[Letter] Politics behind BAT plant closure

This case illustrates how a state’s weak capacity and poor policy enforcement harm businesses as much as overtly hostile regulations. The ineffectiveness of enforcement against illicit tobacco reflects sustained governance failures in institutions, including revenue collection, customs, policing and the criminal justice system.

In the past, political risk was just major shocks from government decisions, such as a dictator seizing assets or overregulation by a vindictive ruling regime. But now, though the government remains the main arbiter it is no longer the sole actor. Political risk is the probability that a political action could affect a business’s operations. Political action is the implementation and the lack of implementation of policy and legislation, but also the consequences of nonstate actors.

Thus, businesses that conflate political stability with policy reliability leave themselves open to blind spots of dangerous, but predictable, risks. South Africa is unlikely to experience macro-political upheaval, but poor policy implementation (never mind the implementation of antibusiness and antigrowth policy itself) continues to deteriorate in ways that harm businesses.

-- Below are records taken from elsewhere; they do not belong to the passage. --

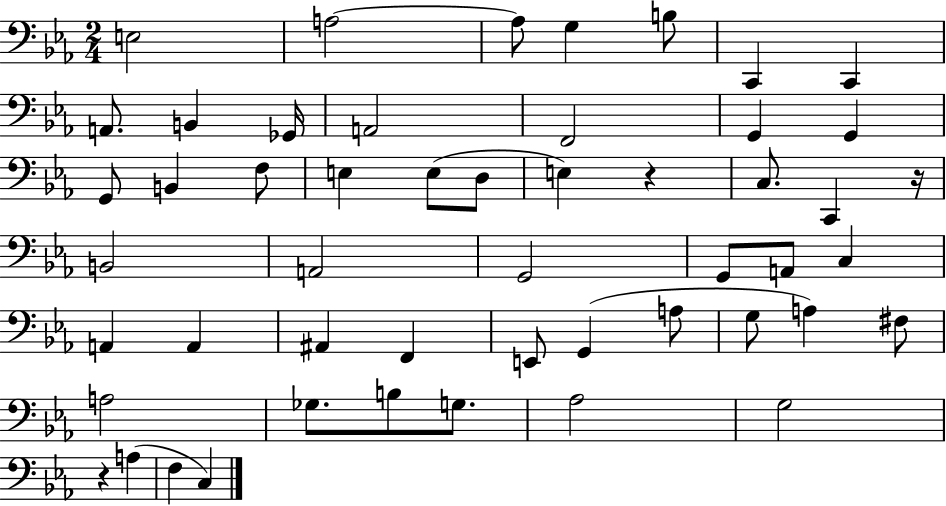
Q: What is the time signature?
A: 2/4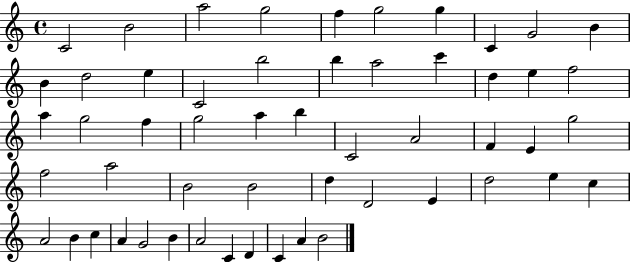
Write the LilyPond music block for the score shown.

{
  \clef treble
  \time 4/4
  \defaultTimeSignature
  \key c \major
  c'2 b'2 | a''2 g''2 | f''4 g''2 g''4 | c'4 g'2 b'4 | \break b'4 d''2 e''4 | c'2 b''2 | b''4 a''2 c'''4 | d''4 e''4 f''2 | \break a''4 g''2 f''4 | g''2 a''4 b''4 | c'2 a'2 | f'4 e'4 g''2 | \break f''2 a''2 | b'2 b'2 | d''4 d'2 e'4 | d''2 e''4 c''4 | \break a'2 b'4 c''4 | a'4 g'2 b'4 | a'2 c'4 d'4 | c'4 a'4 b'2 | \break \bar "|."
}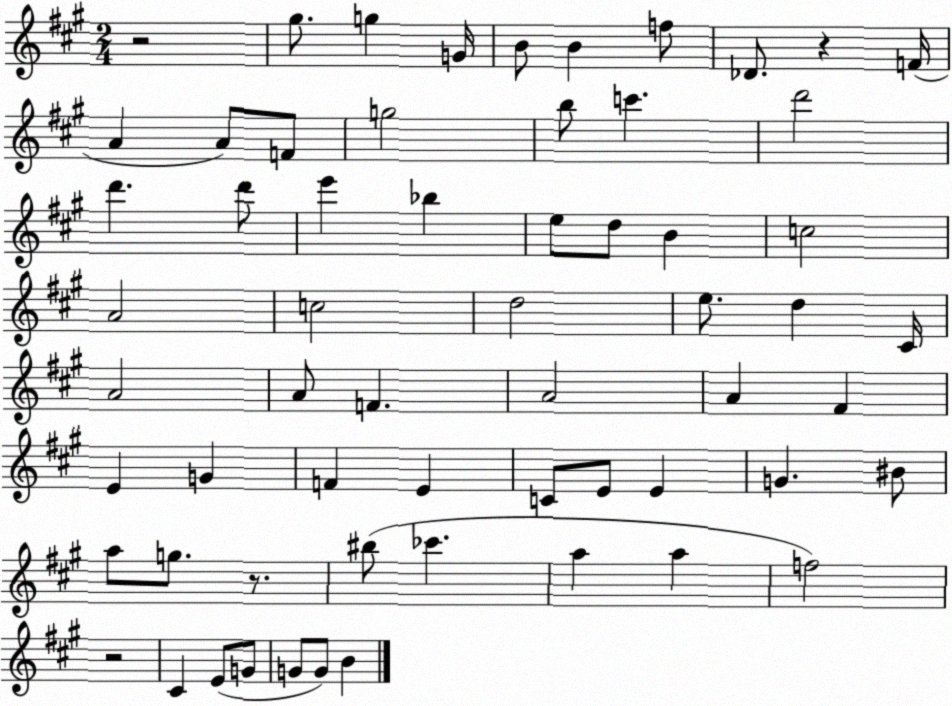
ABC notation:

X:1
T:Untitled
M:2/4
L:1/4
K:A
z2 ^g/2 g G/4 B/2 B f/2 _D/2 z F/4 A A/2 F/2 g2 b/2 c' d'2 d' d'/2 e' _b e/2 d/2 B c2 A2 c2 d2 e/2 d ^C/4 A2 A/2 F A2 A ^F E G F E C/2 E/2 E G ^B/2 a/2 g/2 z/2 ^b/2 _c' a a f2 z2 ^C E/2 G/2 G/2 G/2 B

“With about 75% of the South African cigarette market now estimated to be illicit, continued local manufacturing has become unviable,” said Johnny Moloto, head of corporate & regulatory affairs at BAT Sub-Saharan Africa. This stems from years of inconsistent enforcement, politically contested tax policies and misalignment between the Treasury, law enforcement and political leadership.

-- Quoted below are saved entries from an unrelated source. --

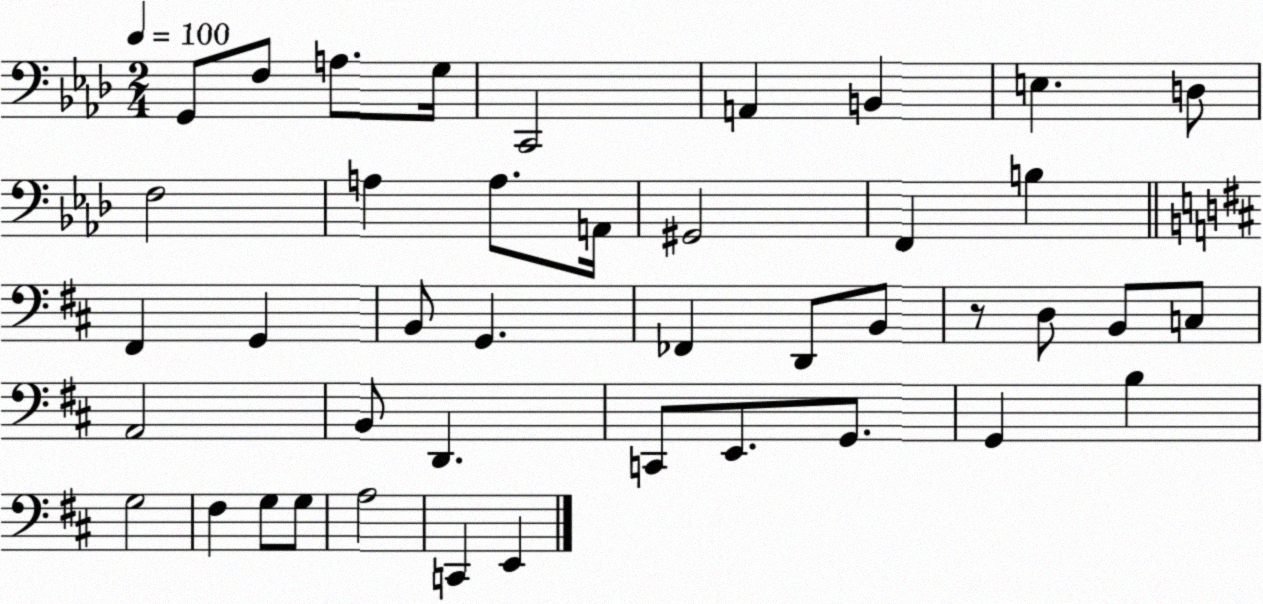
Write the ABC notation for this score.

X:1
T:Untitled
M:2/4
L:1/4
K:Ab
G,,/2 F,/2 A,/2 G,/4 C,,2 A,, B,, E, D,/2 F,2 A, A,/2 A,,/4 ^G,,2 F,, B, ^F,, G,, B,,/2 G,, _F,, D,,/2 B,,/2 z/2 D,/2 B,,/2 C,/2 A,,2 B,,/2 D,, C,,/2 E,,/2 G,,/2 G,, B, G,2 ^F, G,/2 G,/2 A,2 C,, E,,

This multi-actor risk environment is what traditional compliance and legal frameworks struggle to capture, but political risk frameworks successfully address. Despite South Africa being a politically stable and business friendly environment, the actions of those outside the government, enabled by the inactions of the government, pose a serious threat.

When a large, regulated multinational exits local manufacturing while explicitly citing illicit trade and governance failure, it sends a negative signal to other investors about the state’s ability to uphold the rules of the game. BAT’s manufacturing exit presents itself as a second-order political risk for South Africa.